Langton spoke about the need for a referendum to receive constitutional recognition of indigenous Australians. She touched on how sadly most Australians know very little about the constitution. The main challenge which she and a panel of experts see is the poorly understood friction between bringing Aboriginals into our federal policy and letting the culture remain different and unique.
The constitution currently defines Aboriginal people as a race, this means they are exceptional and separate from Australian life. This exceptionalist status includes dehumanisation, exoticism, racism.
People living in social, cultural and economic cultural isolation are denied education, sports teams, infrastructure etc. It is hoped that by replacing the definition of a race with “first people’s”, the race power will be removed and discrimination will subside.
The need to address Aboriginal literacy levels and living conditions is a serious one Langton agreed. Campaigns like ‘close the gap’ are aiming to lessen the third world conditions in central Australian Aboriginal communities. Referring to Indigenous Australians as a race is not the only form of institutional racism Aboriginal people suffer from. Langton shed a light on how deprived of an education, the children in these regional areas are.
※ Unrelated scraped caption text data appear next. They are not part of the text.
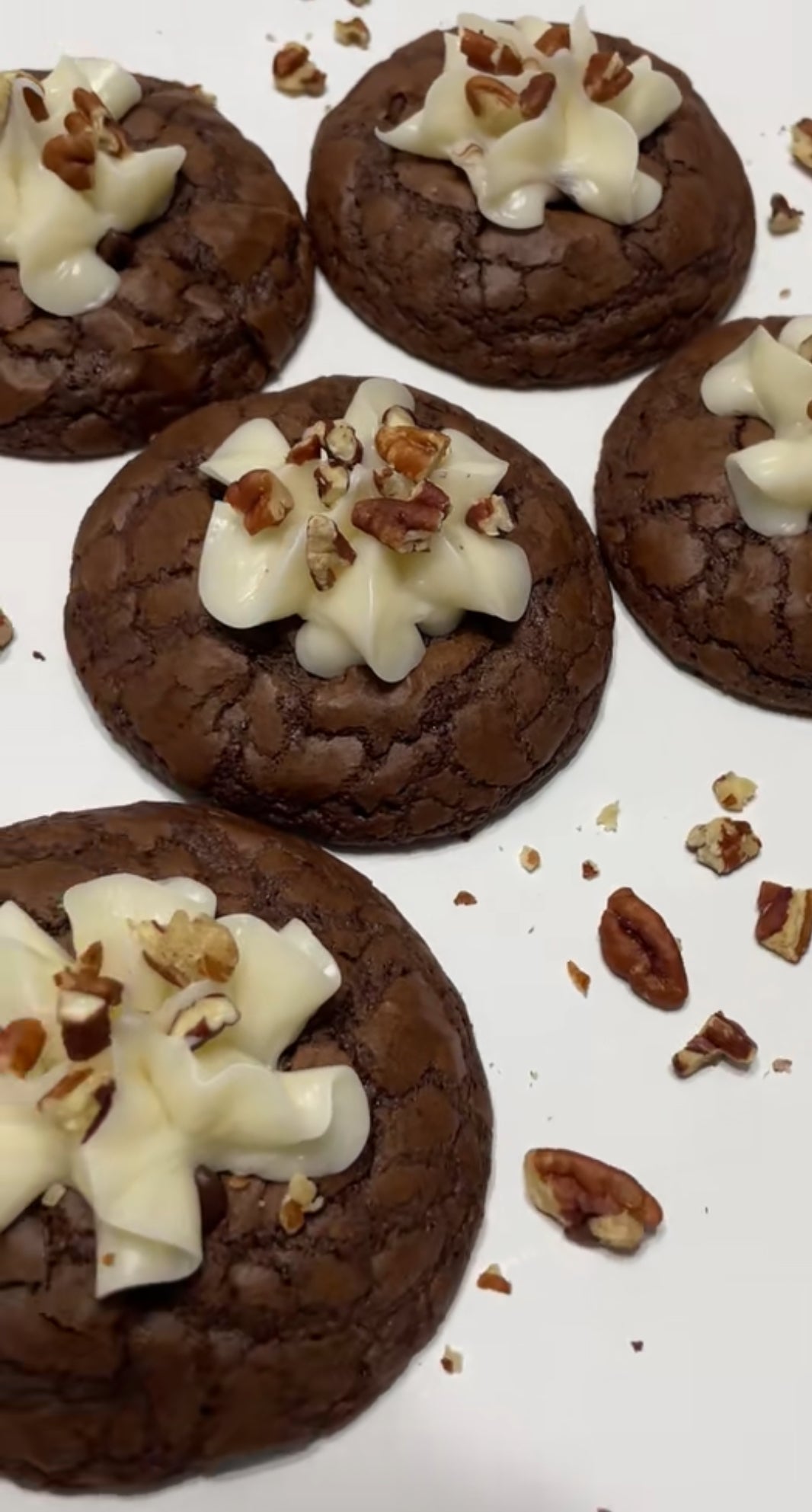 Brownie Pecan Chip Cookies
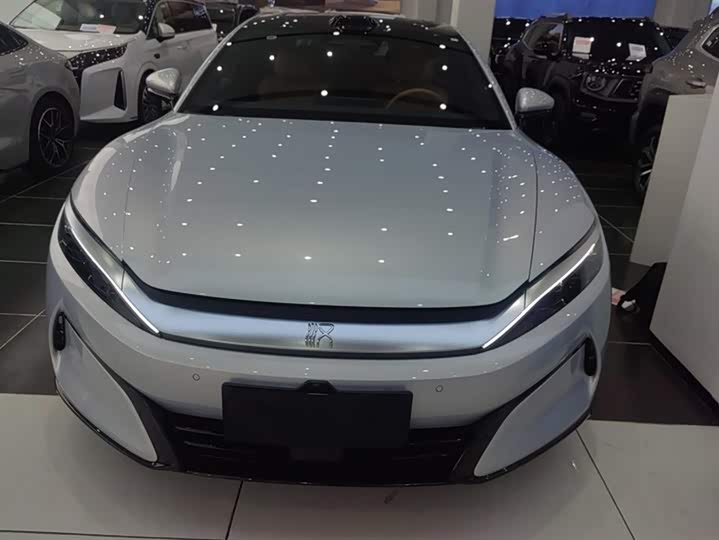 Фото 2 - BYD Han L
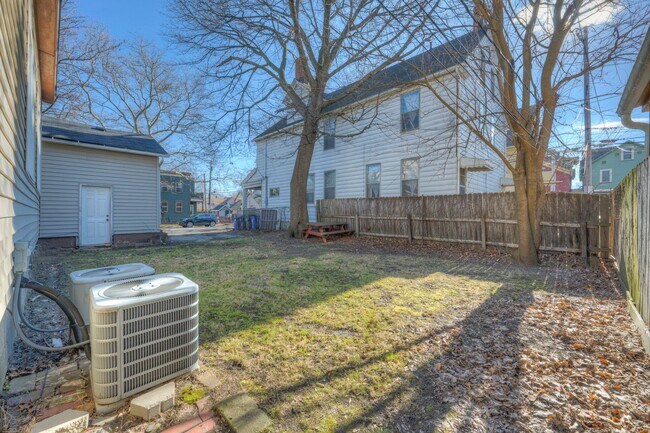 Building Photo - 4115 Whitman Ave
The national curriculum is entirely watered down and 12 year olds are taught phonetically how to sound out words and do craft. “why would you attend school if you’re asked to sit at the back and stick bits of cotton wool to cardboard,” she said. Denying children of the national curriculum is in her eyes racist child abuse.
Julia Gillard said a while back that the chance to vote on this change of clause will be put to the Australian public.
Many believe that if this is voted against and not passed, the rest of the world will see Australia as a blatantly racist country.
QUEEN VICTORIA WOMEN’S CENTRE KEYNOTE ADDRESS: SPEAKING AUSTRALIAN WITH GERMAINE GREER
In the athenaeum theatre Germaine Greer was able to fulfil the introduction given for her keynote speech. A founder of the writer’s festival welcomed her to the stage and said that she was a “provocative thinker, something the world needs more of”.
Greer added to this thought by expressing her disdain for the way Australian politicians communicate. She said that the desire to be popular led them to “say things no one can disagree with and essentially say nothing at all”.
This comment goes to the heart of why people do and should love Germaine Greer. She is sometimes incorrect or contradictory but she is never censored.
Her address was based around the power and meaning of the Australian rhetoric. She asked the audience if there is an Australian English? Is there an English of different generations? When she grew up there was a great resistance against Americanisms for example, which have only now been embraced by a later, apathetic generation. The changes in our language are, in her opinion, usually indicate a change in attitude, location and upbringing. We each have our personal idiom.
She took us through various, hilarious examples of when this had occurred to her.
“When I first moved to England I kept hearing the word bog, later I learnt this is what they called the toilet. I imagined squatting over a muddy pond and thought…haven’t I left all this behind me?”.
The most resounding point she made was that your “mother tongue” is literally a collection of the words your mother taught you. We speak the way we do because of who we are and where we were born, many of us speak Australian English.
She believes that the worst deprivation people can suffer is to be stripped of the language taught by the mothers of their mother and be incapable of expressing their thoughts and feelings. This communication theft is something that is suffered by Aboriginal people all over Australia, she said, and by abandoning grammar and the written word, this could also happen to us.